TASK TO CARRY OUT
Everything in the listing should be copied exactly, save for the pictures.

GIVEN INFORMATION
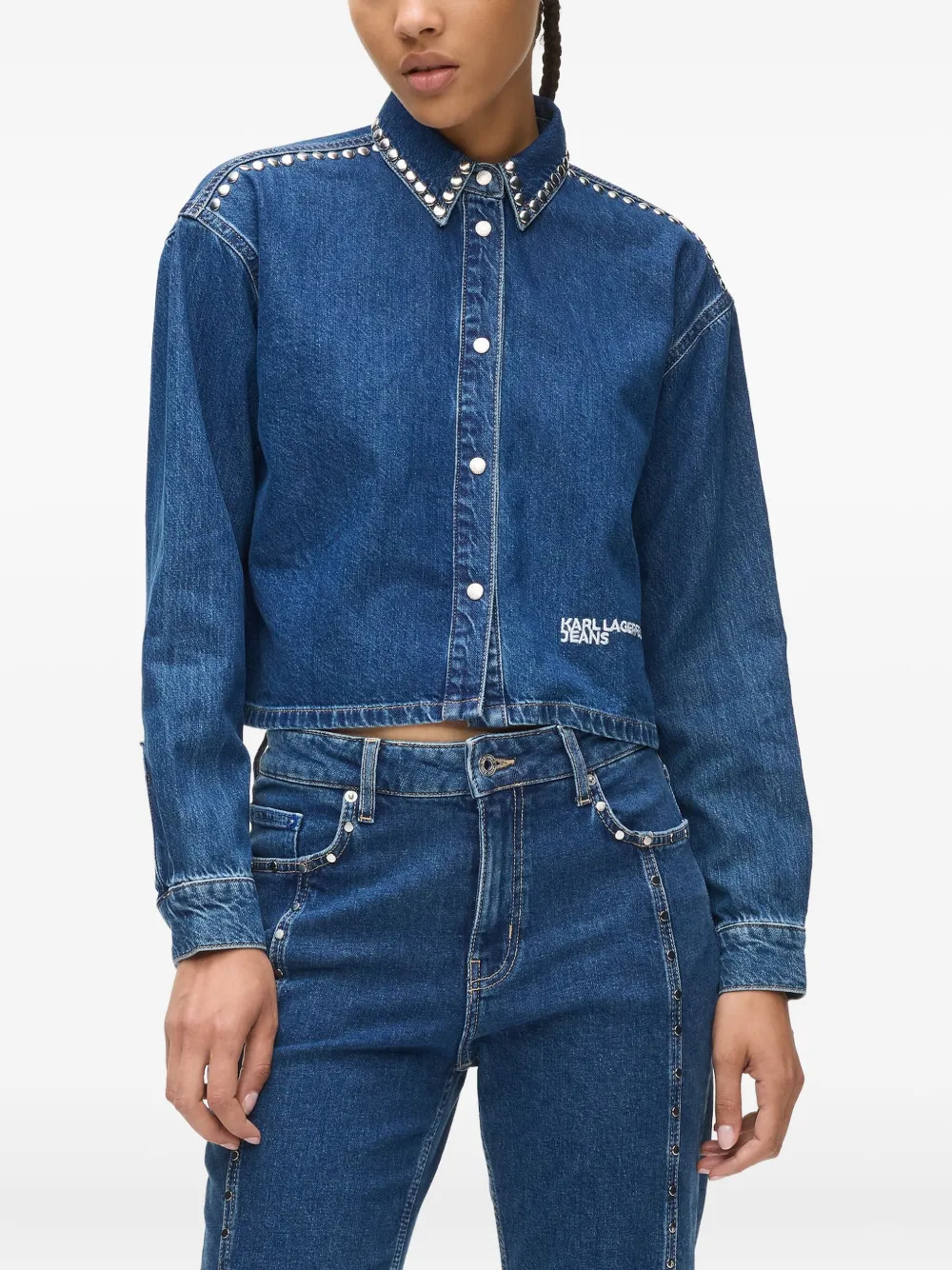 Karl Lagerfeld Jeans Studded Denim Shirt In Blue
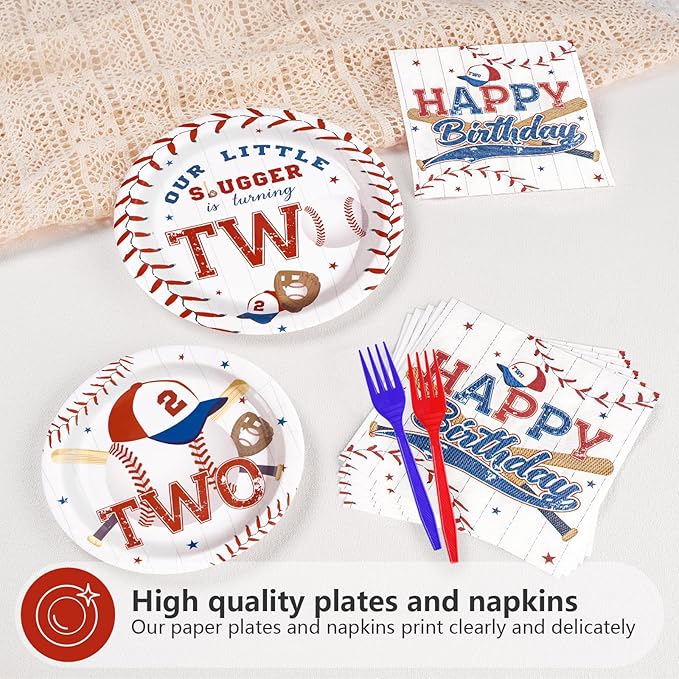 96 Pcs Baseball Birthday Decorations Disposable 2nd Birthday Party Paper Plates and Napkins Baseball Sports Themed Party decorations Tableware Set for Boys Girls Kids Supplies, Serves 24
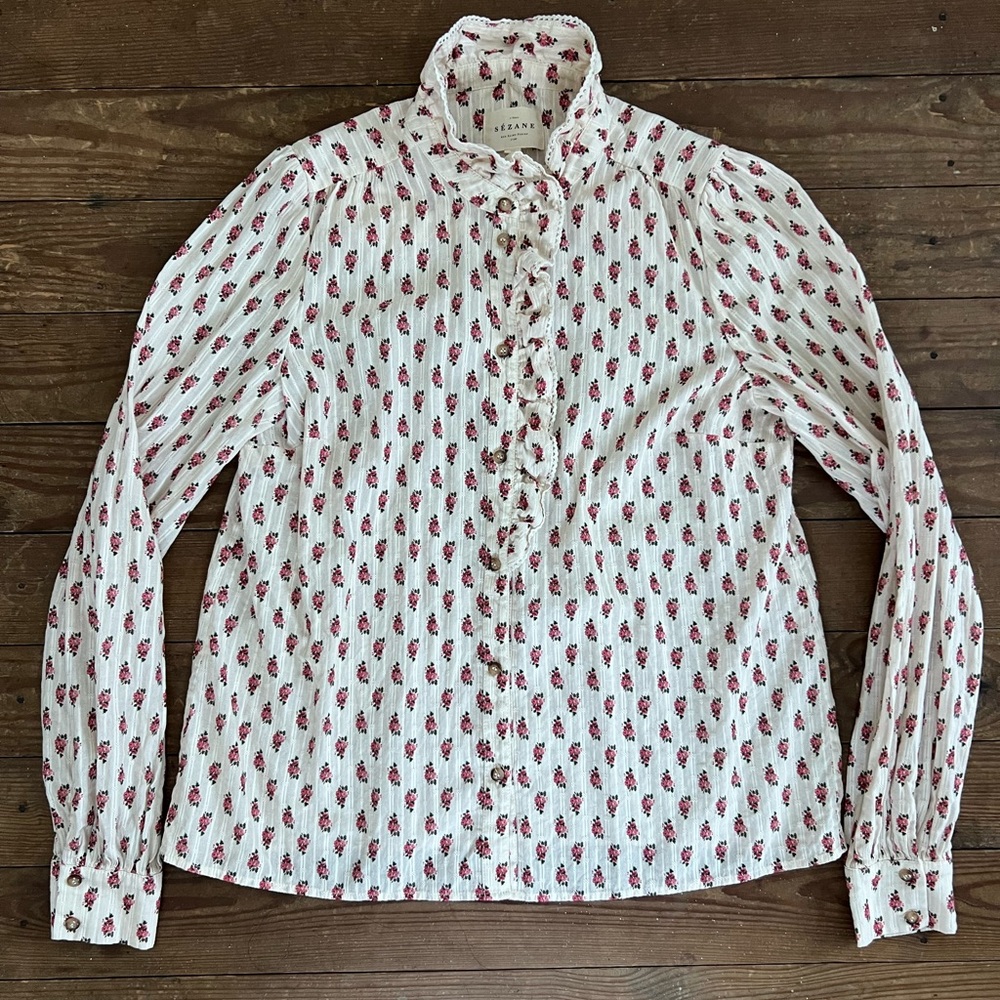 Sézane Chlo Shirt Blouse Mini Bouquet Rouge S - 4 - 36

EXERCISE ANSWER
 Karl Lagerfeld Jeans Studded Denim Shirt In Blue
 96 Pcs Baseball Birthday Decorations Disposable 2nd Birthday Party Paper Plates and Napkins Baseball Sports Themed Party decorations Tableware Set for Boys Girls Kids Supplies, Serves 24
 Sézane Chlo Shirt Blouse Mini Bouquet Rouge S - 4 - 36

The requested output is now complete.